What has worked well

  • Community spirit and volunteers. Both were highly praised by reference group members.
  • Connected Communities. A programme established in 2018 by Haringey Council to improve access to council and voluntary services. During the lockdown, Connected Communities helped residents access essential items including food and other support they needed. 
  • Mutual aid groups. Formed during lockdown at the neighbourhood level and building strong links with statutory and Voluntary and Community Sector services and vice versa. These groups provided a wide range of support for others in their community – for example checking on neighbours and shopping on behalf of others. The mutual aid groups were praised and appreciated. 
  • Telephone support. Reference group members appreciated having someone to speak to on the phone when calling Haringey Council. Phone calls made from the Council, Clinical Commissioning Group (CCG) and other organisations to check on carers were well received. A telephone befriending service set up by Public Voice’s Reach and Connect service, was also seen as an important and successful method of tackling isolation.
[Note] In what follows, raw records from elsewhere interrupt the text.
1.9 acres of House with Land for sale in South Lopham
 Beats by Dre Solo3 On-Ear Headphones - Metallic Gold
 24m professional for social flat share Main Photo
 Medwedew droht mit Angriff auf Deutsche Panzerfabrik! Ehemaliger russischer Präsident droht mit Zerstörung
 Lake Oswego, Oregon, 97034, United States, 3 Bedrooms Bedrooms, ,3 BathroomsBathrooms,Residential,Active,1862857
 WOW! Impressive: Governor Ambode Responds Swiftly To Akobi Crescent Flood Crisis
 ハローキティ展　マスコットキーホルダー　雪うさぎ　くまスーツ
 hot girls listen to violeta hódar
Concerns and points raised

  • Information and communication. Information about Covid-19 risks and service availability should be better communicated to residents, especially considering language barriers and disabilities.
  • Digital inclusion. Digital exclusion is commonplace amongst vulnerable groups and therefore digital access (internet and email) cannot be relied on either as a means of communication or of accessing help and support.
  • Digital enablement. A common concern was that there was not enough support for service users to access digital services where there was a will to do so with support.
  • Virtual services. Over the phone and online appointments should not replace face-to-face appointments as it does not work for everyone. However, a combination of both could work. Language barriers and disabilities should also be taken into consideration.
  • Provision for people with disabilities. New and evolving provision should consider the needs and requirements of all service users.
  • Sustainability, community, volunteers and mutual aid groups. There are fears that the capacity of the Voluntary and Community Sector and mutual aid groups which has supplemented the statutory services during the lockdown may be short-lived when normality returns. Without serious work to retain this capacity, it is feared that big gaps will emerge in essential support for vulnerable people.
  • Undetected vulnerable people.  It was felt that many vulnerable people would be unknown to the Council and NHS, or may have been waiting for diagnosis at the start of lockdown. These people may not have received support they needed.

Proposals and suggestions

  1. Communicate more, faster and better. Across all reference groups it was felt that changes to services, actions taken, and future planning should be better communicated by the Council and NHS.
  2. Provide digital and face-to-face access to services. As the lockdown is eased, it is felt that face-to-face access to services should be resumed but not at the expense of digital service provision introduced during the lockdown. It was repeatedly commented on that, where possible and appropriate, digital service access should be offered alongside traditional face-to-face provision.
  3. Greater coordination and consistency. In various ways the reference groups felt that services, communication, information and advice should be centralised between the NHS and Haringey Council to facilitate clearer and more tailored communication, guidance and service provision. 
  4. Digital enablement. It is strongly felt that more work should be done to enable those currently unable to access services digitally.
  5. Default financial assistance. It was felt that where steps are taken to lessen a financial burden (e.g. possible suspension of council tax collection), these should be done automatically rather than expecting an individual to apply, which may be very difficult for a vulnerable person in a state of raised anxiety, depression or ill-health due to the lockdown and pandemic. 

Downloads

Download the report here.
If you need it any other format please email info@publicvoice.london or call 020 3194 1900.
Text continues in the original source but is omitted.